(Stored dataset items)
══════════

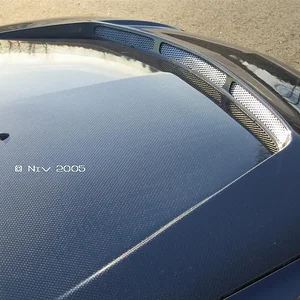 IMG_0029 (Large)copyright29.webp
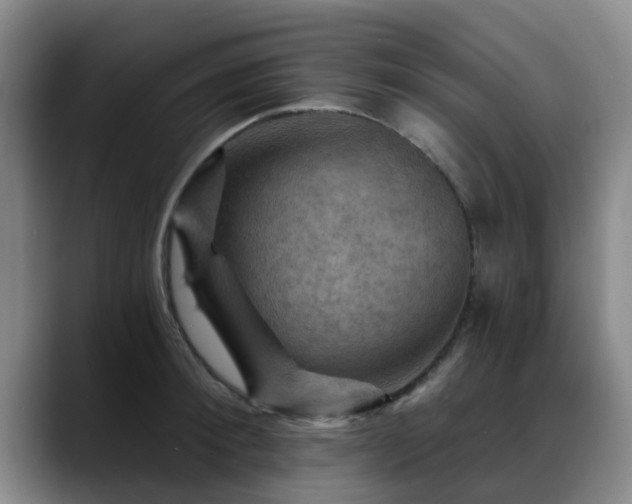 X0000088860900200706151733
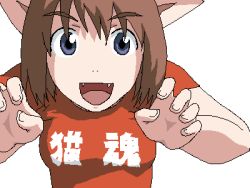 Rule 34 | 1girl, animal ears, ayase fuuka, black eyes, blouse, brown hair, cat ears, clothes writing, eyebrows, fangs, looking at viewer, lowres, oekaki, open mouth, red shirt, shirt, simple background, solo, thick eyebrows, translated, white background, yotsubato!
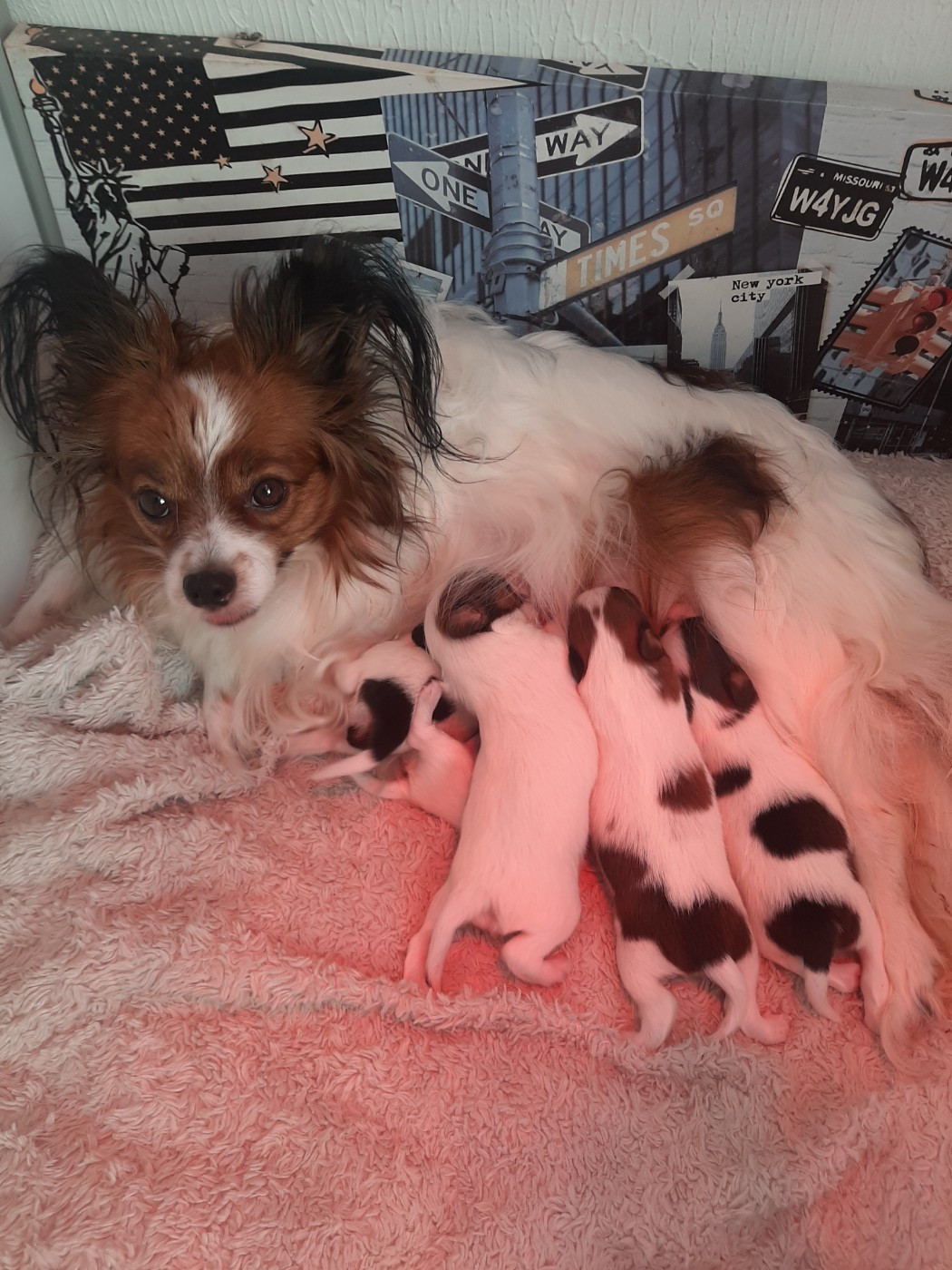 Du Val De La Reine - Epagneul nain Continental (Papillon) - Portée née le 28/10/2025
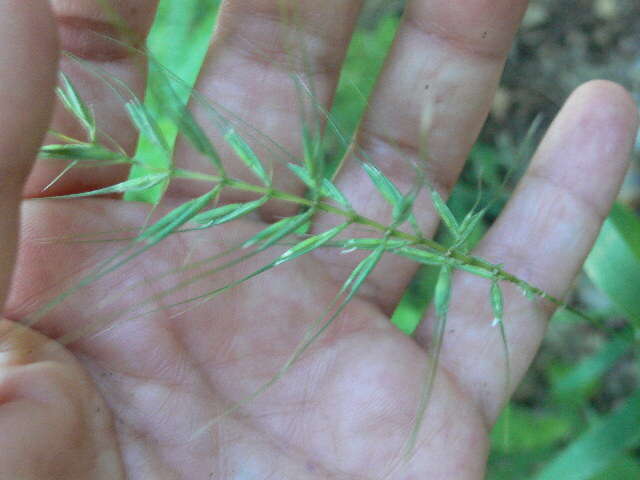 Image of Eastern Bottle-Brush Grass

══════════

REQUIRED WORK:
In the data above, please extract the lines from the first one through the line with "Rule 34 | 1girl, animal", exactly, and keep pictures out.

SOLUTION TO THIS EXERCISE:
 IMG_0029 (Large)copyright29.webp
 X0000088860900200706151733
 Rule 34 | 1girl, animal ears, ayase fuuka, black eyes, blouse, brown hair, cat ears, clothes writing, eyebrows, fangs, looking at viewer, lowres, oekaki, open mouth, red shirt, shirt, simple background, solo, thick eyebrows, translated, white background, yotsubato!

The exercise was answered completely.